By Carrie Terry ; Updated September 21, 2017
The colored leaves of a bougainvillea actually surround the true flowers.

If you've ever been to an "authentic" Mexican restaurant, you've probably seen bougainvillea draped over the walls and signs in green and flowering profusion. These thriving vines are native to Mexico and South America, feature some specific physical characteristics and have some strict growing needs.


Bougainvilleas are bushes that put out vining shoots and can quickly overwhelm any nearby structure. They feature thick, wood main stems but put out green shoots for both flowering and leaf growth. Bougainvilleas may be evergreen or semi-evergreen, and generally drop their leaves for a short winter period. They may otherwise grow and bloom year-round.


Bougainvillea only flower and thrive under the right conditions. They need the bright warmth of full sunshine every day, so grow best in open, exposed locations. The vining growth means that they require a supporting structure like a wall, trellis, tree or railing. With the right support, an outdoor bougainvillea can grow to over 40 feet tall, though indoor varieties are smaller and more controlled.

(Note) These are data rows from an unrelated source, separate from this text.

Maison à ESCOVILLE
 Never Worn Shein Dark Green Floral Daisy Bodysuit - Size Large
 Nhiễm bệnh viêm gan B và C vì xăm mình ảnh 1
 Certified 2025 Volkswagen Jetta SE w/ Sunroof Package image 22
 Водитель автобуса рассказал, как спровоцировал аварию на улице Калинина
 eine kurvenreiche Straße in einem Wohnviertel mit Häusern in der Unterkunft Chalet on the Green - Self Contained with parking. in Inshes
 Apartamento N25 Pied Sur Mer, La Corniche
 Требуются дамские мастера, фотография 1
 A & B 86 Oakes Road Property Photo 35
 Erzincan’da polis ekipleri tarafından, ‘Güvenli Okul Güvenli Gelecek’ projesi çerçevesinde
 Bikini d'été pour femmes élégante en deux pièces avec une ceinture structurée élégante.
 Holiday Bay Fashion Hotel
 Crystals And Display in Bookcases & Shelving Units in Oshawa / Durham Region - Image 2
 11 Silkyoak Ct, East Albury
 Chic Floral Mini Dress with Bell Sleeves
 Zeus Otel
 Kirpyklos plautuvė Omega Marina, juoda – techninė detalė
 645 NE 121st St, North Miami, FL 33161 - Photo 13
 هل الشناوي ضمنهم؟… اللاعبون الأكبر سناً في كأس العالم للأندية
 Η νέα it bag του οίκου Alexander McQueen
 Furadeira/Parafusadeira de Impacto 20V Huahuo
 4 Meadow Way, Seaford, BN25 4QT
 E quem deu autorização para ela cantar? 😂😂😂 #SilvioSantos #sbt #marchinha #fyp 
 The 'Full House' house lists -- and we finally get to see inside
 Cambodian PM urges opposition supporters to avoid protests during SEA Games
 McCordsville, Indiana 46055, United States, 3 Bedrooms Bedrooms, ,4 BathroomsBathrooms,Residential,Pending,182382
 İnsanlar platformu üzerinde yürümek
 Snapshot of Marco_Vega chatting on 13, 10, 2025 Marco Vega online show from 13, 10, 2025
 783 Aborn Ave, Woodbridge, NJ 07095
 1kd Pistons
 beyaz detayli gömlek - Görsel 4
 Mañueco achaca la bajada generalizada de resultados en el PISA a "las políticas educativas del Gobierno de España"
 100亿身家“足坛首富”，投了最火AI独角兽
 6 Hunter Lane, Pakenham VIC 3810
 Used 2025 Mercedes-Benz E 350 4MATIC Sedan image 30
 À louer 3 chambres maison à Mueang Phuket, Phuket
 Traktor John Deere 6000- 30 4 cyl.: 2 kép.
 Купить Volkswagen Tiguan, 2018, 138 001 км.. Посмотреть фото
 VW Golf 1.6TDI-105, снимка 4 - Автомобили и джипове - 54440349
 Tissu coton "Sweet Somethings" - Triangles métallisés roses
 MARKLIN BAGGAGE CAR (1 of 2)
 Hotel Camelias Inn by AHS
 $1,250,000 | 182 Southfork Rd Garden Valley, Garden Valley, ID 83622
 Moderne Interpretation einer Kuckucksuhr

Bougainvillea "blooms" in orange, yellow, pink, red, white and purple. The petals are dry and papery, and 1 to 2 inches wide. True bougainvillea flowers are actually small white tubes inside these colorful displays, which are technically the flower bracts. Bougainvillea blooms at the end of the green shoots, so the outside of the plant is almost constantly colored with flower bracts.


Bougainvillea leaves are paper thin, and grow from the green shoots of a bougainvillea rather than woody stems. Leaves are a bright, deep green and measure 3 to 5 inches long. Leaves may or may not be hairy, and are sometimes interspersed with inch-long thorns.

Soil and Watering

Bougainvilleas are best planted in rich, loamy soil that drains quickly. If they're potted, the pot must be large enough to give them room to grow, and heavy enough to support their draping foliage. Although Aggie Horticulture maintains that bougainvillea do best if kept dry, many people have good success with weekly waterings of 1 to 2 inches of water.